McKenna: Exactly. It’s one step forward, one step back. We do have much better data sets. We have much better analytics. We have much better communication across the country and globally. We’re getting information faster. In 2003, there were a lot of isolated departments not communicating with others. We’re better at that now. We’ve improved. But! On the clinical side, yeah, one step forward, one step back. Many of our nurses have lived-experience with SARS. They remember this. It’s very real to them. There’s real concern. And we’ve been telling them, speak up. Speak out. Make sure you have the equipment you need and the supplies — we didn’t have enough in 2003, but this time, we’re told we do. In 2003, nurses who asked were told they were foolish, that it wasn’t needed. But nurses knew better. Nurses were telling the government that we needed to stay on guard, that we couldn’t stop our precautions. But we weren’t listened to, and we had a second wave of SARS in Toronto. Analytics are good. Monitor the data. But listen to the front lines. The doctors and nurses see and hear. They know.

Gurney: Okay, let me bring this right to a very basic question — what do you want us to get right this time that we didn’t get right in 2003?

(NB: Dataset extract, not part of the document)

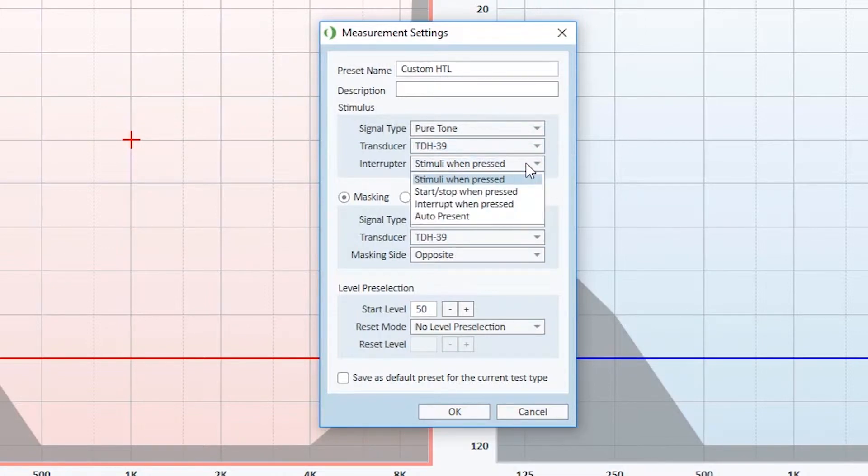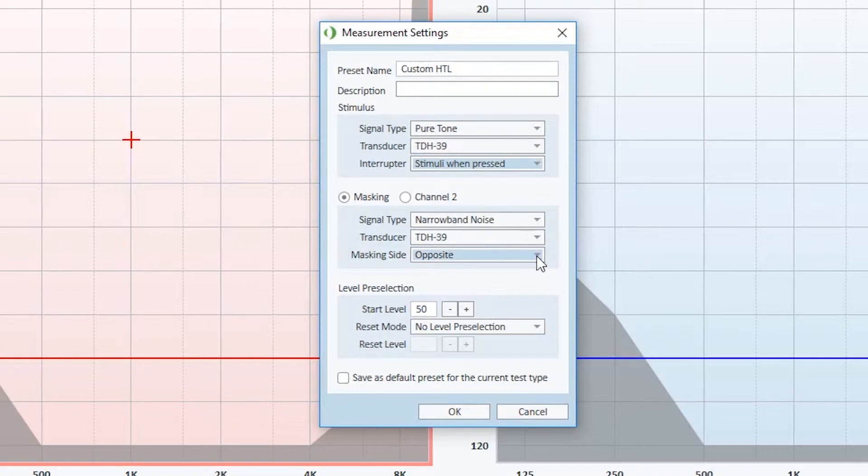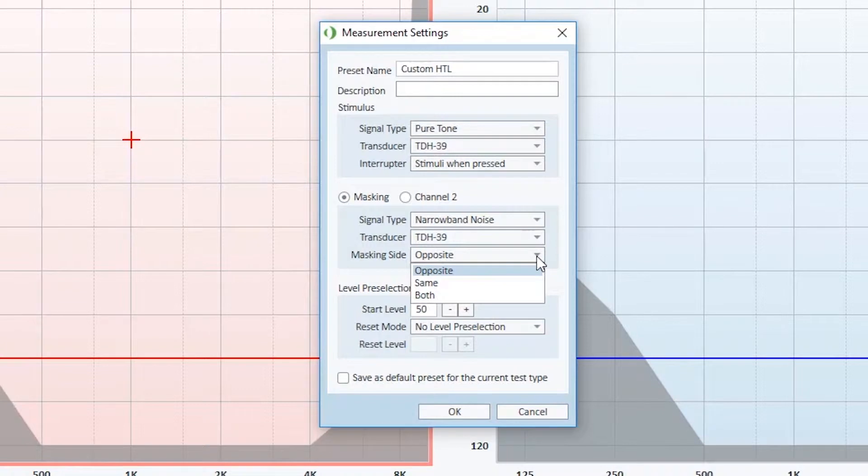The masking channel can be configured likewise. For example, what signal type and transducer to use, should the masking be on the same or opposite side, or on both sides? Level preselection when the test starts can also be set from here.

McKenna: I want precautionary principles. We have to err on the side of caution. If health-care workers need supplies, when the science is not clear — and we don’t know a lot about this virus yet — we need to get them the supplies. We can’t have the government worrying about how much masks cost. Right now, it’s good. The government isn’t worrying about that. They’re getting us what we need. But until we know more about this virus, we need to make sure we have the right equipment, the right isolation capacity, the right screening. Once the science catches up, we can decide what isn’t needed. But, for now, we need to err on the side of caution. That’s the most important thing. We can’t fight small battles if someone thinks we’re being excessive in our demands. We need to keep patients safe, and the health-care workers, and the communities. 

Gurney: Okay, same question, but now aimed right at your staff — your nurses, doctors, technicians. Everyone. What do you want the front-line personnel to know in 2020 that we learned in 2003?

McKenna: Find your voice. Speak up. Err on the side of caution, ask questions, keep up with communications, and make sure you understand the latest. Trust your gut. Protect yourself, the patients, and communities. This particular virus has an unknown incubation period. We’re not clear on the symptoms yet. This doesn’t present with a fever. SARS did. We don’t know enough yet. Let’s not pretend we do. Speak up, always. Be heard. 

Gurney: Right. And, if nothing else, this is all one hell of an unplanned training exercise.

McKenna: Hah. Yes! People are planning. Families, professionals, institutions. That’s good. That should always be happening. And we’ve seen a few small gaps already, mainly with some communications across many different health-care providers. So we can fix those and learn. Planning can’t be an event — it has to be a constant process. We’re doing our part.

This interview has been condensed and edited for length and clarity.